You are of 'the Commission' – sit you too.

[To KENT.]

Truly it was a bold wit that could undertake to constitute that bench on the stage, and fill it with those speaking forms, – speaking to the eye the unmistakeable significance, for these judges, two of them, happened to be on the spot in full costume, – and as to the third, he was of 'the commission.' 'Sit you, too.' Truly it was a bold instructor that could undertake 'to facilitate' the demonstration of 'the more chosen subjects,' with the aid of diagrams of this kind.

Arms! Arms! Sword, fire! CORRUPTION IN THE PLACE! False justicer, why hast thou let her scape?

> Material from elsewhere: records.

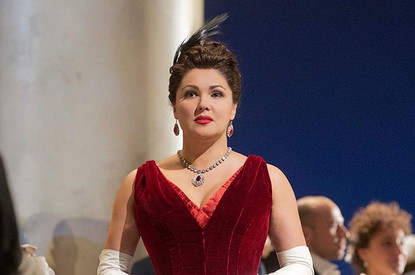 Болеющая коронавирусом Анна Нетребко отпраздновала день рождения в палате (видео)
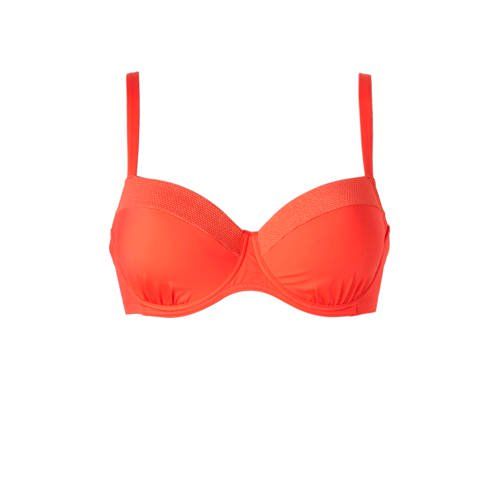 Cyell Mix & Match beugel bikinitop - rood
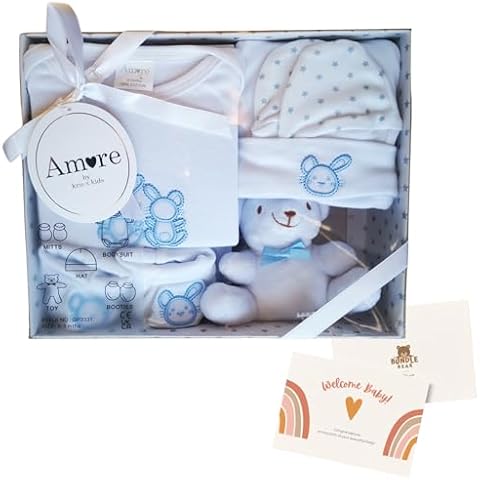 Bundle Bear 5 Piece Baby Gift Set Cover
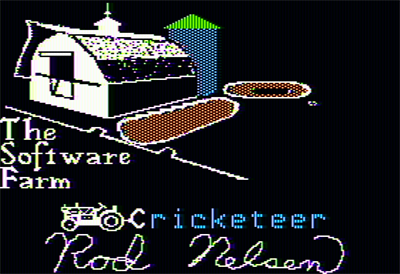 Cricketeer - Screenshot - Game Title Image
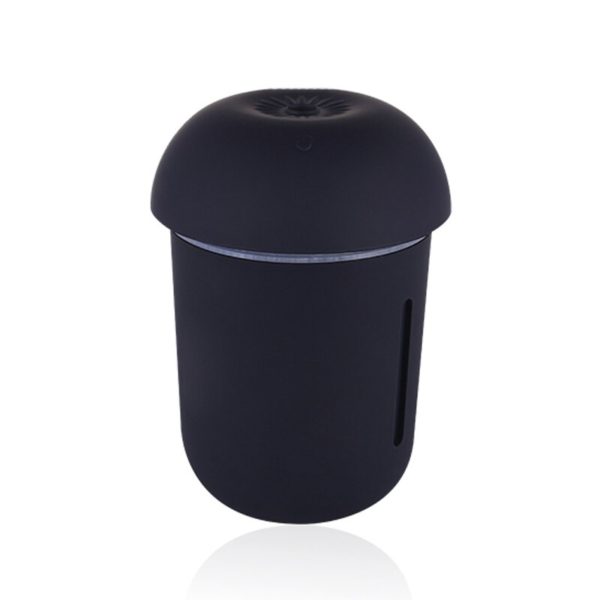 New fashion triple mushroom lamp multi-function humidifier office air mini USB - Image 2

The tongues of these ancient sovereigns of Britain, 'tang' throughout with Elizabethan 'arguments of state,' and even Goneril, in her somewhat severe proceedings against her father, justifies her course in a very grave and excellent speech, enriched with the choicest phrases of that particular order of state eloquence, in which majesty stoops graciously to a recognition of the subject nation; – a speech from which we gather that the 'tender of a wholesome weal' is, on the whole, the thing which she has at heart most deeply, and though the proceeding in question is a painful one to her feelings, a state necessity appears to prescribe it, or at least, render it 'discreet.'

Even in Gloster's case, though the process to which he is subjected, is, confessedly, an extemporaneous one, it appears from the Duke of Cornwall's statement, that it was only the form which was wanting to make it legal. Thus he apologizes for it. —

 
Though well we may not pass upon his life
Without the form of justice, yet our power
  Shall do a courtesy to our wrath, which men
  May blame, but not control.
 

Goneril, however, grows bolder at the last, and says outright, 'Say if I do, the laws are mine NOT THINE.' But it is the law which is thine and mine, it is the law which is for Tom o' Bedlam and for thee, that great nature speaking at last through her interpreter, and explaining all this wild scene, will have vindicated.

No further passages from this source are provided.